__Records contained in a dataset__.
▽
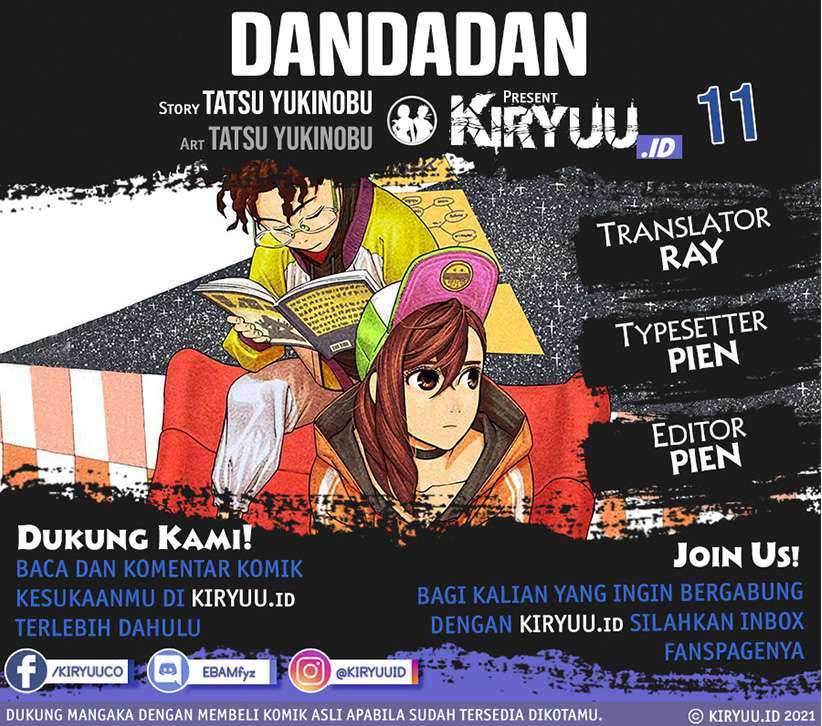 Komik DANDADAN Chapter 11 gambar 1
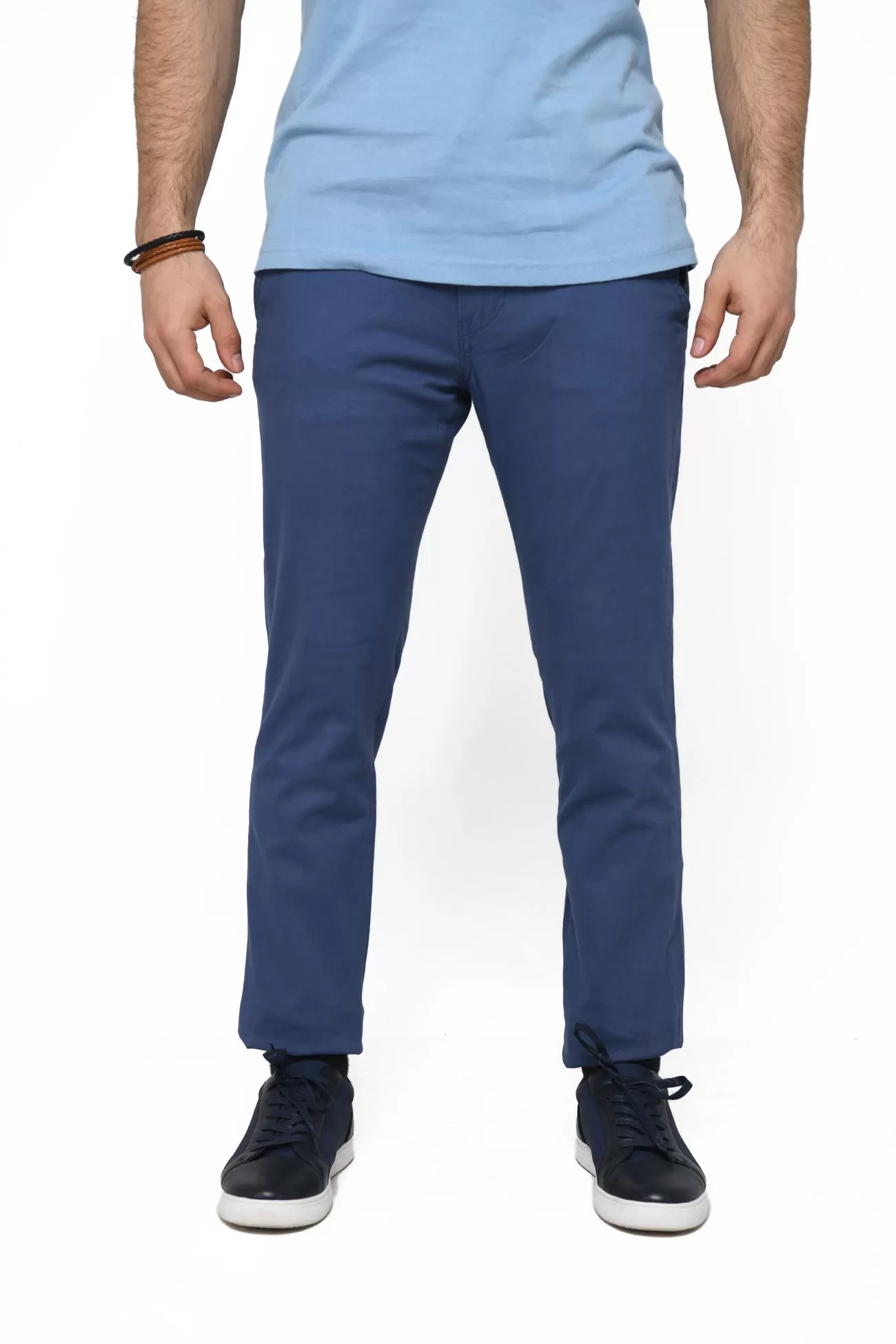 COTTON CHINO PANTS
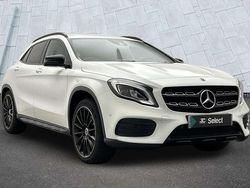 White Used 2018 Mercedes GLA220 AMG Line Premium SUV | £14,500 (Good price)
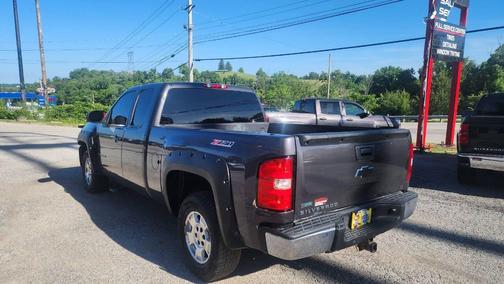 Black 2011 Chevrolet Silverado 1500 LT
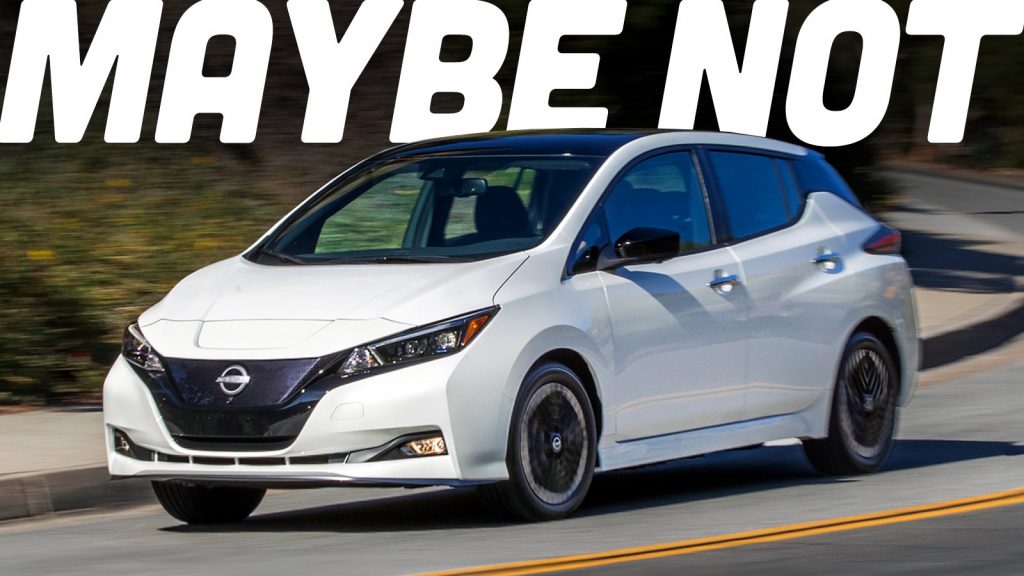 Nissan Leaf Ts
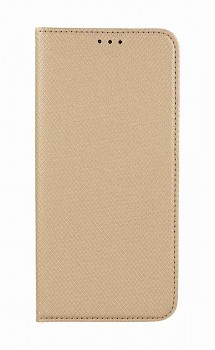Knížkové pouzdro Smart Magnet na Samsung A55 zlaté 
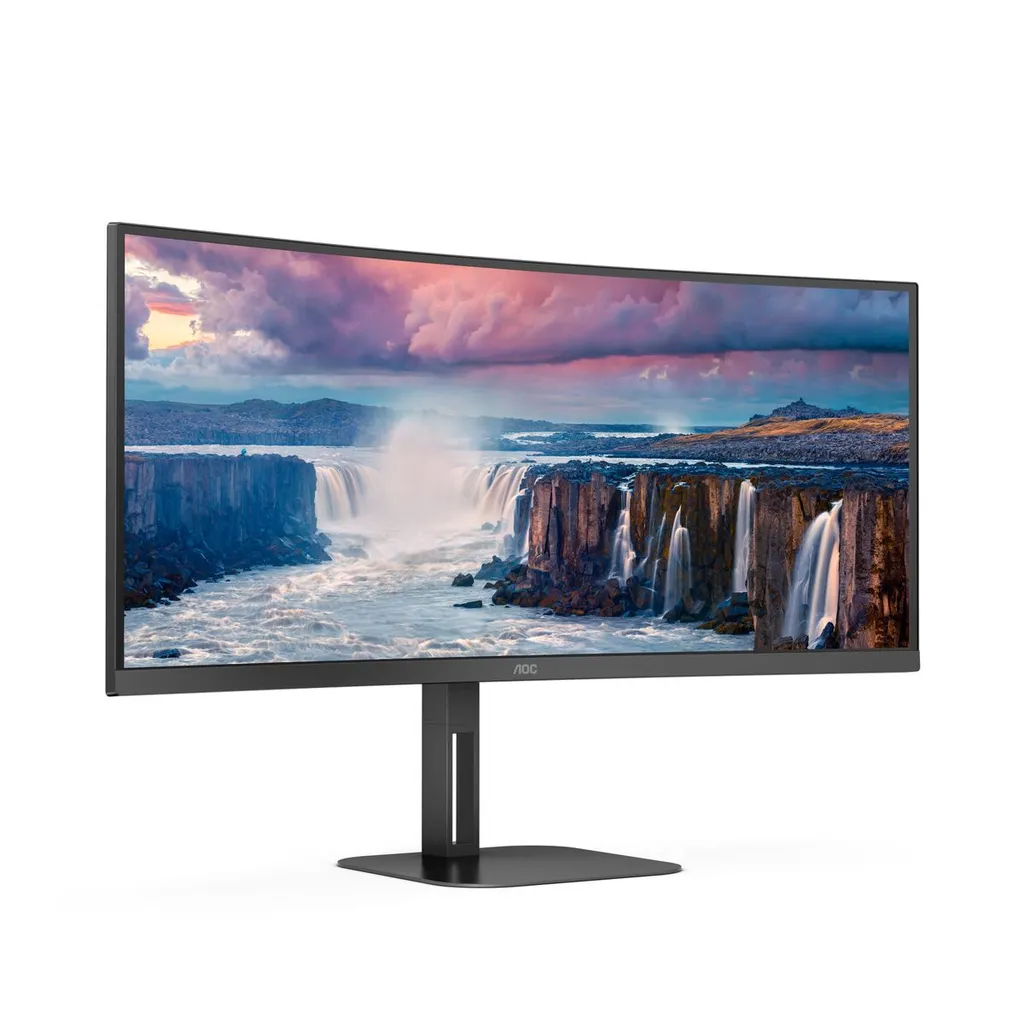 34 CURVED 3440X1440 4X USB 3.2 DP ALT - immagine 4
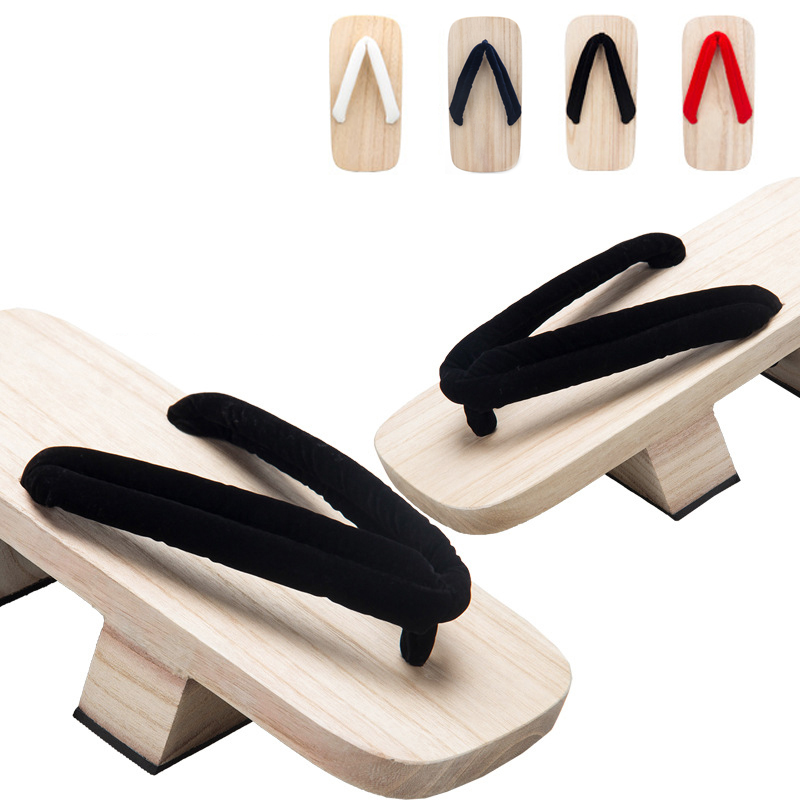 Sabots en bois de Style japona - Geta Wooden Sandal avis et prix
△
__Exercise details__.
Where the line containing "34 CURVED 3440X1440" appears, begin writing out the lines word for word, and continue through the last line of the data, leaving out pictures.

__Response__.
 34 CURVED 3440X1440 4X USB 3.2 DP ALT - immagine 4
 Sabots en bois de Style japona - Geta Wooden Sandal avis et prix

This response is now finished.